SE_tau_strat <- sqrt(Var_tau_strat)
CI_tau_strat <- c(
  tau_hat_strat - 1.96 * SE_tau_strat,
  tau_hat_strat + 1.96 * SE_tau_strat
)

CI_tau_strat
## [1]  824826 1190355

Proportion

p_hat_strat <-
  sum(samp_strat$malesingle * samp_strat$swgt) /
  sum(samp_strat$malepop * samp_strat$swgt)
# total weighted denominator
X_hat <- sum(samp_strat$malepop * samp_strat$swgt)

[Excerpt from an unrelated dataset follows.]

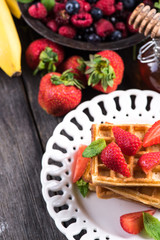summer breakfast,sweet waffles with strawberry
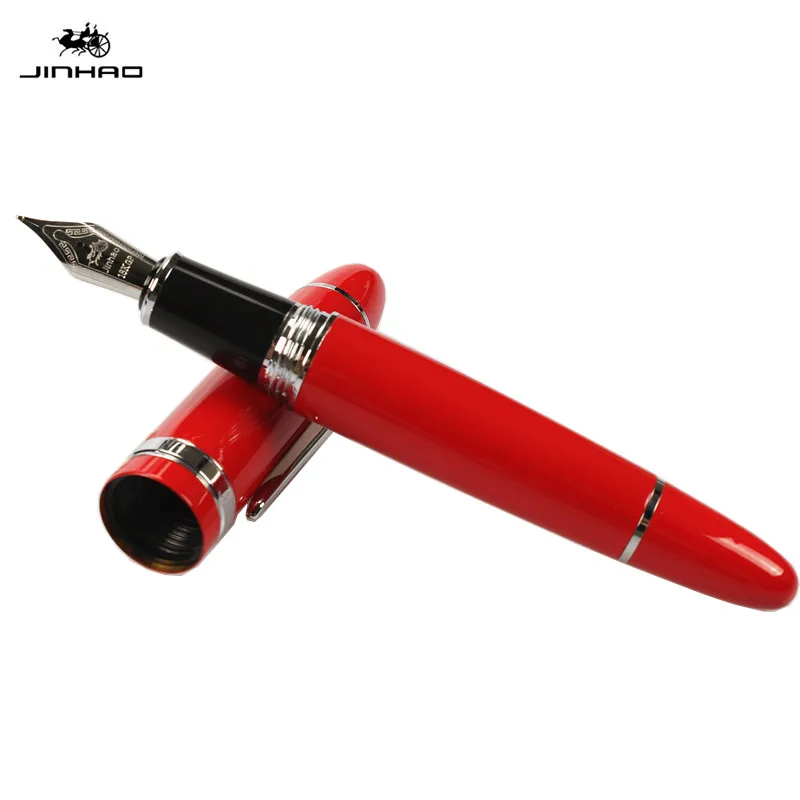 

JINHAO 159 18KGP MEDIUM BROAD NIB FOUNTAIN PEN red BARREL SILVER TRIM FREE SHIPPING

# residuals for ratio estimator
samp_strat <- samp_strat |>
  mutate(e = malesingle - p_hat_strat * malepop)
var_by_region_p <- samp_strat |>
  group_by(region) |>
  summarise(
    Nh  = first(Nh),
    nh  = first(nh),
    s2e = var(e),
    .groups = "drop"
  )

Var_p_hat_strat <- sum(
  var_by_region_p$Nh^2 *
  (1 - var_by_region_p$nh / var_by_region_p$Nh) *
  var_by_region_p$s2e / var_by_region_p$nh
) / (X_hat^2)

SE_p_hat_strat <- sqrt(Var_p_hat_strat)
CI_p_hat_strat <- c(
  p_hat_strat - 1.96 * SE_p_hat_strat,
  p_hat_strat + 1.96 * SE_p_hat_strat
)

CI_p_hat_strat
## [1] 0.07852242 0.09619817

Mean

mu_hat_strat <-
  sum(samp_strat$married * samp_strat$swgt) /
  sum(samp_strat$swgt)
var_by_region_mu <- samp_strat |>
  group_by(region) |>
  summarise(
    Nh  = first(Nh),
    nh  = first(nh),
    s2h = var(married),
    .groups = "drop"
  )

N <- sum(var_by_region_mu$Nh)
Var_mu_hat_strat <- sum(
  (var_by_region_mu$Nh / N)^2 *
  (1 - var_by_region_mu$nh / var_by_region_mu$Nh) *
  var_by_region_mu$s2h / var_by_region_mu$nh
)

SE_mu_hat_strat <- sqrt(Var_mu_hat_strat)
CI_mu_hat_strat <- c(
  mu_hat_strat - 1.96 * SE_mu_hat_strat,
  mu_hat_strat + 1.96 * SE_mu_hat_strat
)

CI_mu_hat_strat
## [1] 14417.64 20259.84

Clearly I have made a mistake somewhere because all of my estimates are dramatically off and underestimating. I do not understand.